Monday, February 18, 2008

The Request...

Today I got a message from a girl I went to high school with requesting a photograph of a mural painted on the front of the gymnasium. It has been recently painted over and she's trying to drum up support to have it repainted. Here was my response:

Dear Friend,

I've been good. Busy, but good. How have you been?

I don't have a picture on-hand. I'm sure that were I to go back to Florida and dig through some boxes in storage, I might be able to come up with a photo... however a trip down South isn't in the foreseeable future.

It would be best to contact someone like Teacher-Lady. She's got photos from every year stacked up in piles. As the former Newspaper adviser, she's bound to have at least one clear shot.
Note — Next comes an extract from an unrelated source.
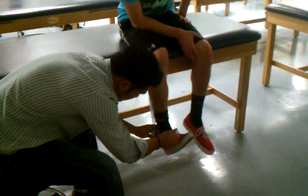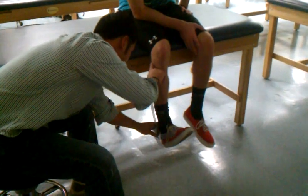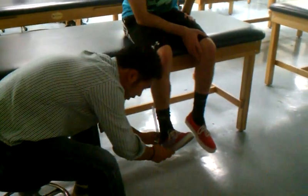When he goes into dorsiflexion, the moving arm is parallel because I'm lined up with the axis here. Starting at zero and going into dorsiflexion, he had about 20-something degrees. What's normal? 20 dorsiflexion, 50 plantarflexion.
My personal opinion is to leave it the way it is. I think that we try too often to hold on to parts of us that are in the past. Each of us has a season. Each of us were once young, younger, and still younger yet. Every generation is bound to make their own connections and create their own Time. Let them have their Time. They do not need to be in the shadow of a giant Indian, faded by age and decay. Leave the past in the past and move forward, lifted up by your memories but without trying desperately to cling to something ephemeral that cannot really be captured by paint or by anything else.
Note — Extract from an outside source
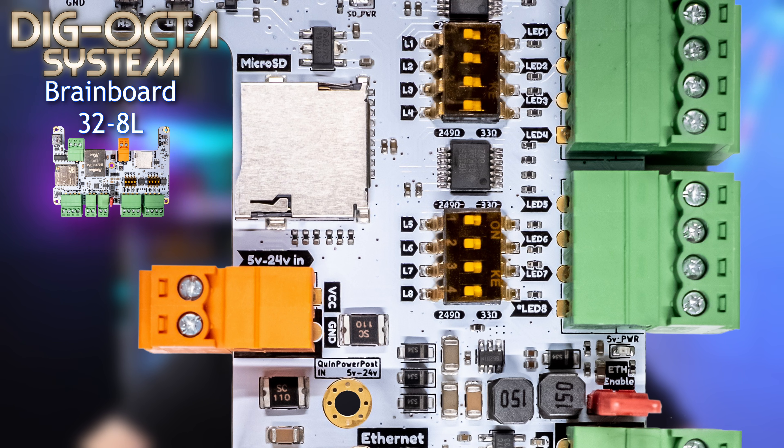This orange connector is one of the three ways to power the board. It's compatible with anything between 5 volt and 32 volt in, and it will auto-regulate everything to the right voltages needed to run the board.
And as I recall, it wasn't a popular "piece of art" when it was freshly painted in the first place. Nostalgia for times past has a way of distorting our feelings towards things, making us more sentimental for things that we don't always like... then or now. So, I say... leave it painted over. I've got my memories and they're better than any recreation of a bad painting can ever be.

Simplicity Always,


Sunrise TheSea said...

Leave the past in the past... yes. I'm just now reaching this part of my life where I'm able to let go. Sometimes people are the hardest to let go and not so much the "stuff" we've accumulated. You, for instance, I cannot let you go just yet, dear friend...

Andrew Thornton said...

I think that with people it's a different story. People change and grow. Monuments that mark the past, faded paintings that decay and rot, are only as powerful as the memory behind it. In this case, we are no longer students there. Our time has come and gone. And the painting is now gone as well. Sometimes we have to give in to not trying to be stuck in the past.

It's interesting, because I am a maker of objects of paintings and things that have meanings that are forgotten and misunderstood... that disappear and sometimes will be erased by time. But I have a different opinion about such matters.

And Alba... I'm not going to let you go just yet either!